If it's low-hanging fruit, then _do_ it, pick some of that fruit, astound us
with your ideas, and we'll remember you as a genius who picked a lot of fruit,
instead of forgetting you as a lame blogger who can't even pick sour grapes.

Because to me it seems a lot easier to build on someone else's ideas than to
come up with something truly original.

------
coldtea
> _The world population at 500BCE is estimated to have been 100 million; in
> the year 2000, it was 6.1 billion, over sixty times greater. Thus if we
> randomly selected people from those born since the ‘start’ of western
> philosophy, they would generally be born close to the present day.
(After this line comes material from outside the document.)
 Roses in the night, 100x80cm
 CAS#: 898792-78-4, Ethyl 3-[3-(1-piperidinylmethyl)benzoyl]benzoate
Yet when
> it comes to ‘greatest philosophers’, they were generally born much further
> in the past than one would expect by chance._

That's why those older philosophers were great thinkers.

Because at those times, while they could be off in physical sciences (although
they made great headstarts into that too), at least they didn't trivialize
their thinking with such crude quantity based analysis...

He also says "it is difficult to think of many factors which favor Plato’s
time versus our own", when even in what he counts, the fact for example that
the quantity of the work might not merely a factor of population, but depend
on things such as a society (and an era) encouraging such inquiry from
individuals, or even giving them the necessary leisure to pursuit it, doesn't
seem to cross his mind.

Of course there are a lot more possible explanations (including the
combination of all of them) that the three lame ones given, starting with some
simple ones:

(1) The modern era has less individuals with the leisure time required for
philosophy.

(2) Even for those with leisure, there are too many distractions in the modern
era.

(3) Philosophy getting out of of favor in certain eras, including ours. Even
in a place such as France, it was much more favorable (in vogue) to being a
philosopher in the early-mid 20th century than it has been after the nineties.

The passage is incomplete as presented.